What you should do
For this exercise, transcribe all the entries exactly as given and omit the images.

Data extracted from a collection:

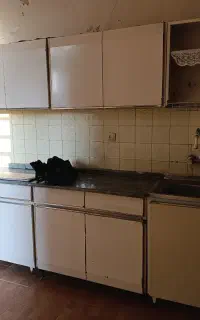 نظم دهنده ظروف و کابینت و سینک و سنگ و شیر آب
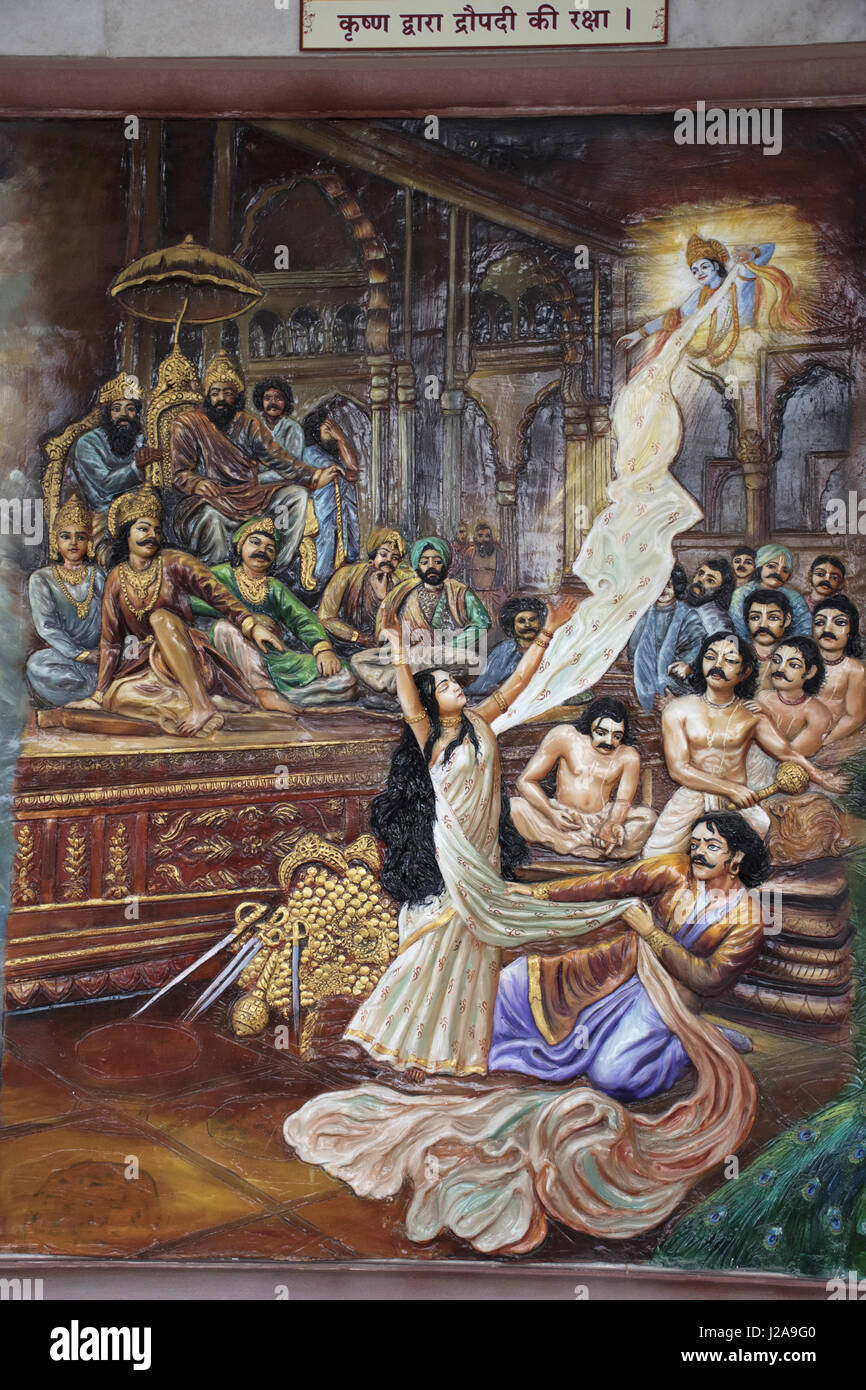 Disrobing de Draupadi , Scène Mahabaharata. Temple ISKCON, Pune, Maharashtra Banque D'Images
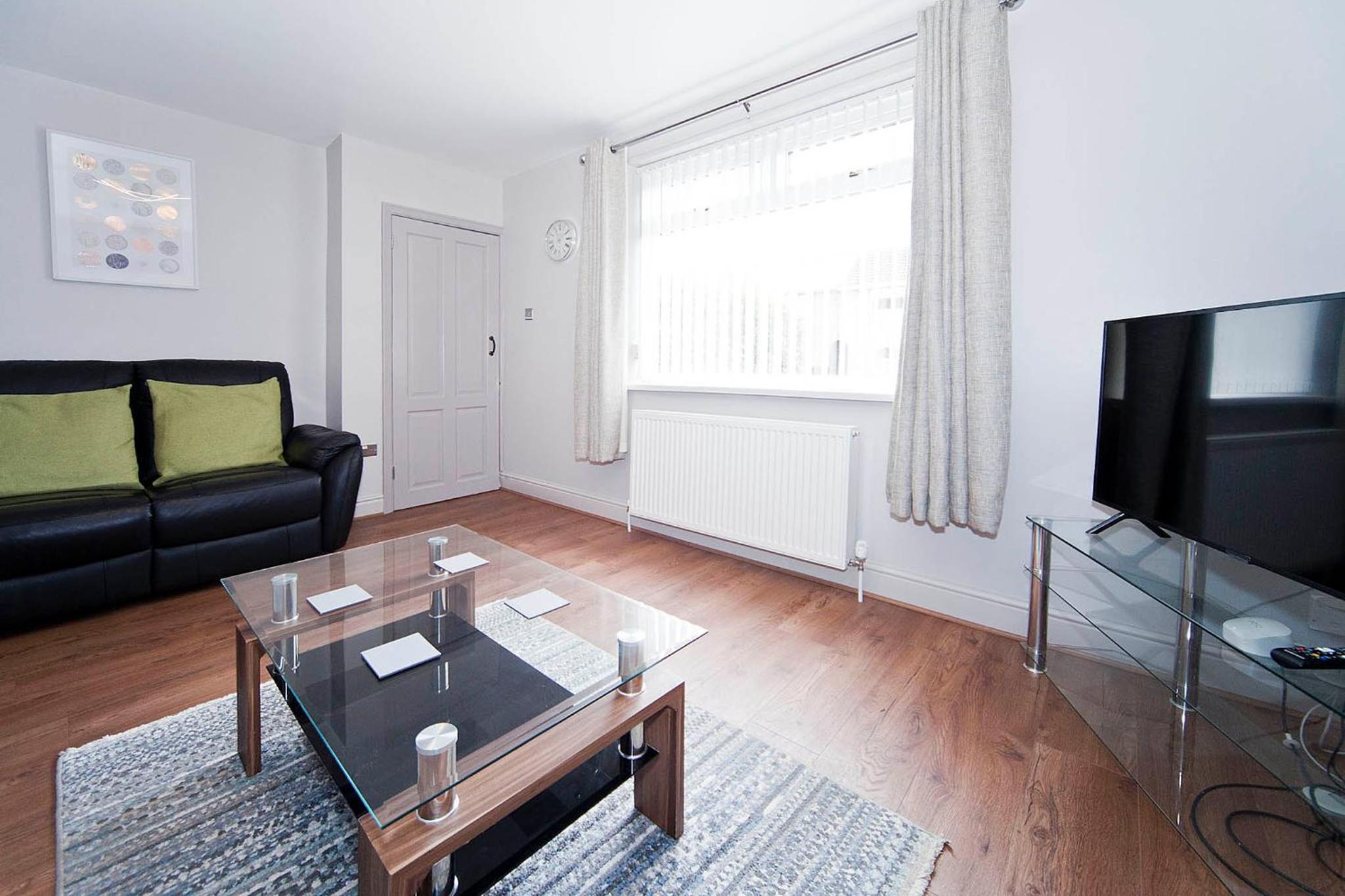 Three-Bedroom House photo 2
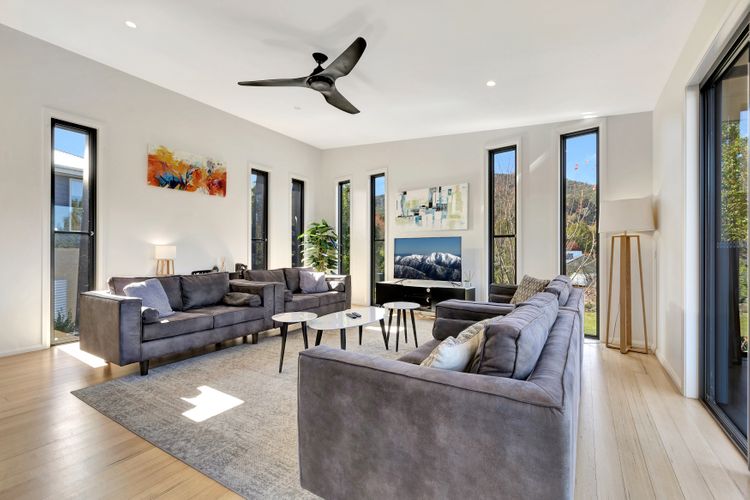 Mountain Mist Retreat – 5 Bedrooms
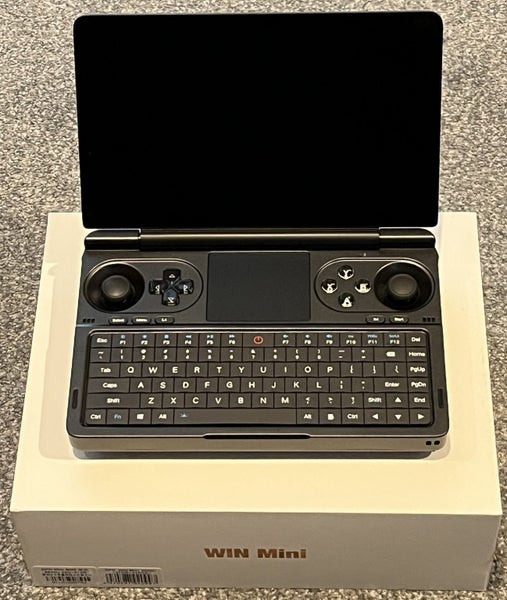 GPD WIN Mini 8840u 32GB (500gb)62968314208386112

Answer to this exercise
 نظم دهنده ظروف و کابینت و سینک و سنگ و شیر آب
 Disrobing de Draupadi , Scène Mahabaharata. Temple ISKCON, Pune, Maharashtra Banque D'Images
 Three-Bedroom House photo 2
 Mountain Mist Retreat – 5 Bedrooms
 GPD WIN Mini 8840u 32GB (500gb)62968314208386112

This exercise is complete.